THERE WAS only one story dominating e-retail at the end of January – Amazon Go. It is great to see that the ‘future of retail’ has finally opened its doors – a year late – to the great unwashed. Ironic, too that there was a queue to get in.
The fact that it has taken nearly 12 more months to get it ready for the thronging hoard than predicted shows just how difficult it is to get this idea to work well. That alone will have many retailers quaking in their boots.
But worry not. Amazon Go is the future of retail, but it is way ahead of where anyone can rightly expect to be. I would be very surprised if we see another such store outside the West Coast of the US this year, let alone spreading globally.
What it does show, however, is that shoppers want a change. They want to combine the mobile, online and in-store experience and get something better out of shopping. Of course, not having to queue to pay and leave is very appealing, but it doesn’t necessarily have to involve state-of-the-art (and slightly creepy) scanning technology. Checking in when you arrive with mobile and making that a part of an easier way to pay, also doesn’t have to involve a massive technology investment.
Much of what Amazon Go store actually does can sort of be done with existing – and more affordable – technology. Geo-fencing technology would let any retailer check in a customer as they walked in the door. Linking that to an app – and getting customer opt in – would allow that to push offers to the phone. Tie that up with tech such as used by Tesco to scan your shopping as you go and just scan the phone at the end doesn’t remove queuing, but makes it very much quicker.
These two things alone match Amazon Go and could, in theory, be rolled out by thousands of retailers right now.
I am sure that, with Amazon Go hitting the headlines, it will have the galvanising effect of propelling technology vendors and retailers to find ways to match and ape what Amazon is doing – and customers will benefit.
WORLDWIDE MEDIA outlet and tech fanboy dream site Mashable is collaborating with eBay to offer easy-click, shoppable editorial across the UK and US – optimised for mobile.
This new, immersive mobile shopping experience capitalises on Mashable’s role as the go-to source for all things new and next. Combining Mashable’s expert recommendations with the consumer discovery power of eBay, the partnership allows Mashable’s audience to use eBay to shop, browse and purchase products matching those featured on Mashable – all without ever leaving the Mashable site.
The companies have focused on a mobile-first experience that is as friction-free as possible for the audience and so far 65% of traffic to the widget has come via a mobile or tablet. The desktop experience is also as seamless as possible.

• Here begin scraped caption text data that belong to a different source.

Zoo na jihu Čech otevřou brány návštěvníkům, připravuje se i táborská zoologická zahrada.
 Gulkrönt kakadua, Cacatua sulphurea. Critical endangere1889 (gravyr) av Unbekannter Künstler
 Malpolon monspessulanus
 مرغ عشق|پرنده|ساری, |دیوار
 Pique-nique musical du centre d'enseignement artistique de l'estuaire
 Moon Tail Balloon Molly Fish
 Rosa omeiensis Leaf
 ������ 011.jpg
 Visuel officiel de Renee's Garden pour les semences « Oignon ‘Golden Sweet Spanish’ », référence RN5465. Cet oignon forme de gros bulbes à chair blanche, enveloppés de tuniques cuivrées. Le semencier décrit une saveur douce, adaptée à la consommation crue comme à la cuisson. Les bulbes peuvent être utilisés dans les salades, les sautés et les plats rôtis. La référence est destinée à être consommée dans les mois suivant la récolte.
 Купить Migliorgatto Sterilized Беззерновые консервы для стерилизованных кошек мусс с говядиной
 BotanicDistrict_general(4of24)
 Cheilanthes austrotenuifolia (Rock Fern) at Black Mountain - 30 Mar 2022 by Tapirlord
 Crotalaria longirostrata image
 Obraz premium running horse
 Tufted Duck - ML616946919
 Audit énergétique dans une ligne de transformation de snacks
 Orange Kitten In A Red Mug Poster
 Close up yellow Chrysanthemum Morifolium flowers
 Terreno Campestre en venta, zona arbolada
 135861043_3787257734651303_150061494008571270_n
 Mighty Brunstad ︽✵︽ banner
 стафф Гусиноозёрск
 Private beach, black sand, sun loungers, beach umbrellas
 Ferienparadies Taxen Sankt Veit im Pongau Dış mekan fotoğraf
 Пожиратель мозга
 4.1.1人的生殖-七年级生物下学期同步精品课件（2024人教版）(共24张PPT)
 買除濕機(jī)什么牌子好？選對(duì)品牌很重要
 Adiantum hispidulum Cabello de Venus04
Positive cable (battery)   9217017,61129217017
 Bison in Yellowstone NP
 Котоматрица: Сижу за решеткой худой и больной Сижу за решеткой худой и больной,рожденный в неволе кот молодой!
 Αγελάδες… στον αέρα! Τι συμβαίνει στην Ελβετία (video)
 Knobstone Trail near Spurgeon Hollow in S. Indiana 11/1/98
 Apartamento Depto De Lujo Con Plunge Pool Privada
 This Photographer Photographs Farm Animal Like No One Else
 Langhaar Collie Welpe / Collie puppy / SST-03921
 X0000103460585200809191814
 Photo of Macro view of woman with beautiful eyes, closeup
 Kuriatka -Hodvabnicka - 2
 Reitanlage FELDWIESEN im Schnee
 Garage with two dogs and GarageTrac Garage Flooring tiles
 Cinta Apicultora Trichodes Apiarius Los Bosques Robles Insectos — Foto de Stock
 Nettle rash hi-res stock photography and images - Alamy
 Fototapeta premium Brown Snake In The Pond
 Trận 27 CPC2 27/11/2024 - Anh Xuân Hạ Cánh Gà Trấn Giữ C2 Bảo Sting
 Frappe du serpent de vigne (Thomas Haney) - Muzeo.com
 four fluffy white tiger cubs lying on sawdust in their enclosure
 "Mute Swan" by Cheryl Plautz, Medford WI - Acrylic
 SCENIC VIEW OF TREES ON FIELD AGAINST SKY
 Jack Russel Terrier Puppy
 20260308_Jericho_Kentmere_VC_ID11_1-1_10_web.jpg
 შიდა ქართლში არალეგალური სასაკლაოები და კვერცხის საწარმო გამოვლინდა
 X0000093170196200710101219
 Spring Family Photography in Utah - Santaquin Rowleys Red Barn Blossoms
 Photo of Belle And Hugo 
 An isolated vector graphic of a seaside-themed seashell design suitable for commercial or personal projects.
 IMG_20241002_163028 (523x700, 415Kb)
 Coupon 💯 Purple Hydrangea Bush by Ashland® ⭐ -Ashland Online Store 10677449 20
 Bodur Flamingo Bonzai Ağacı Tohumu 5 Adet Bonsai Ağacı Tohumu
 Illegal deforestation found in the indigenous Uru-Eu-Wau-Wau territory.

Dan Burdett, Head of eBay EMEA Marketing Lab explains: “We know a lot about how people shop on our site, but less about how they shop off it, so we wanted to bring a simplified shopping experience that brings products to Mashable’s passionate audience rather than expect them to come to us”.
The pilot partnership with Mashable is a pioneering effort from eBay’s Marketing Lab, which focuses on developing disruptive marketing solutions and game-changing innovations. By introducing the new eBay widget to Mashable, the team will be able to understand whether elements such as seller reputation and delivery times matter as much to consumers than they normally would on the platform. The marketing team will use the data and learned consumer insights from the pilot to accelerate business growth and deliver scalable solutions.
HOBBYCRAFT, the largest arts and craft retailer in the UK, has launched a new mobile website using Progressive Web App (PWA) that provides a frictionless shopping journey for its customers. The website is built on the Mobify Platform, leveraging the latest mobile technologies for retail sites to make them feel and look like an app, but without having to download it from an app store. Speed is a key feature of the PWA-driven site, which launched in December, with Mobify claiming that its platform is typically capable of at least doubling the speed of the previous mobile site. Hobbycraft’s strategy for engaging use and broad reach via the mobile web are important differentiators as the retailer seeks to reach consumers of all ages fuelling the growing trend in arts, craft and home baking across the UK.
Daniel Collier, Multi-channel Development Manager, Hobbycraft said: “We raised a challenge to find the best possible way to communicate with shoppers as well as deliver a best-in-retail purchasing journey. Through its unique approach to combining the latest mobile web technologies and mobile shopping best practices, Mobify exceeded our expectations. We now have a very fast site with far easier navigation, as well as app-like features such as add-to-home screen and the ability to send push notifications — in short, the best possible mobile customer experience available today.” The new Hobbycraft PWA will be enhanced throughout 2018 to include additional features such as Apple Pay and an enhanced store locator.